This chapter examines the requirements, responsibilities, standards, and objectives for internal controls. Implementing internal controls is important in the area of cash management because of the diverse nature of the processes involved, i.e., billings, collections, deposits, and disbursement processes, as well as the fragmented oversight responsibilities generally associated with these processes.

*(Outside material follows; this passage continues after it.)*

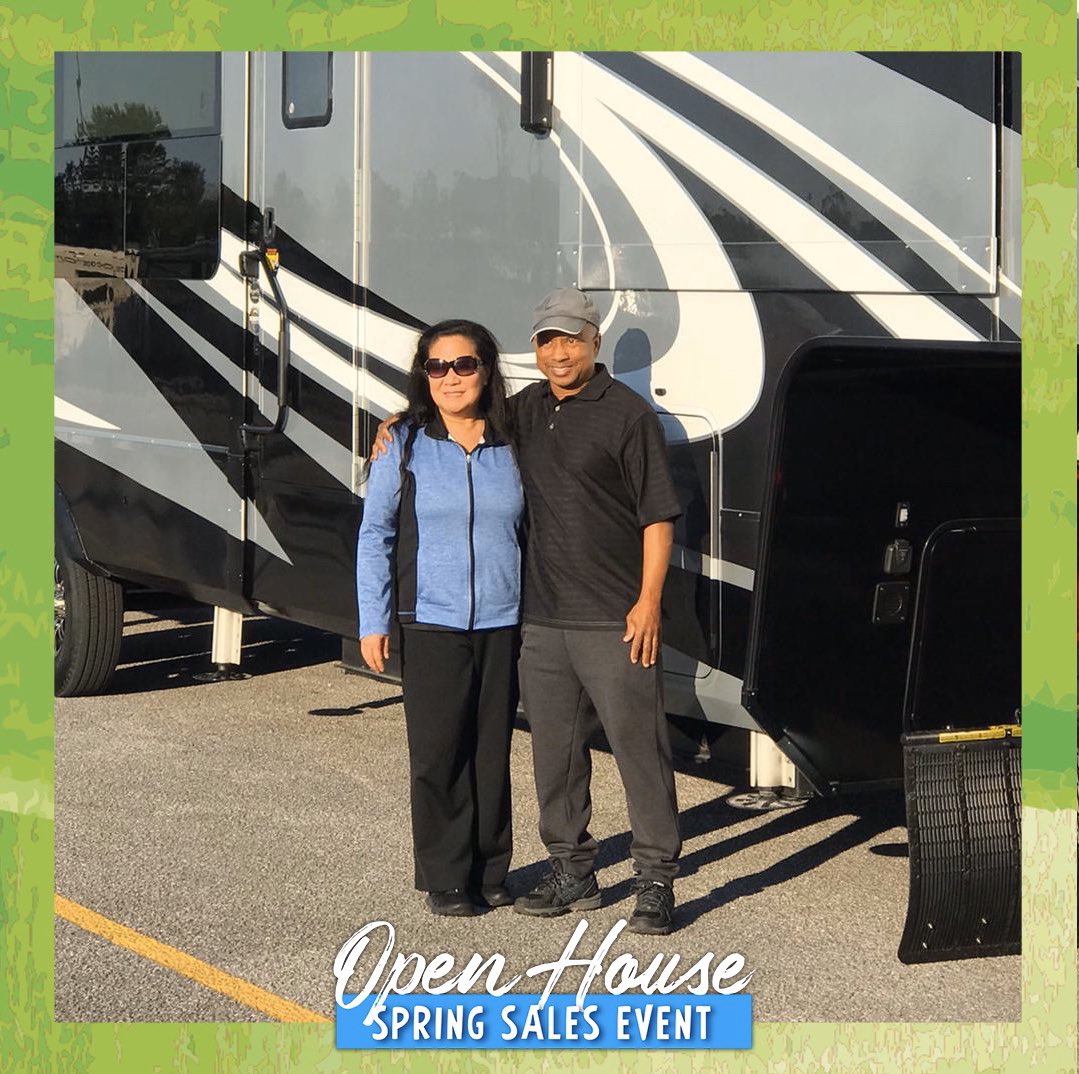 GARV_SuperStore's tweet photo. Congratulations to the Thompson family on their purchase of a new Fifth Wheel.  Join the fun during our RV Open House through Sunday March 8th.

Cash Management for Financial Management and Policy Mcom Sem 2 Delhi University

Some of the other major factors, which impose a need for a consistent application of sound internal controls, are:

a. The prevalence of a high turnover rate of operating personnel and supervisors in cash management functions;

b. The assignment of cash handling responsibilities to personnel with limited fiscal experience or understanding;

c. The fragmentation of billing and cash handling functions which makes monitoring the whole process difficult; and

d. The inherent risk of loss, or opportunity for personal gain, created by the nature of cash transactions.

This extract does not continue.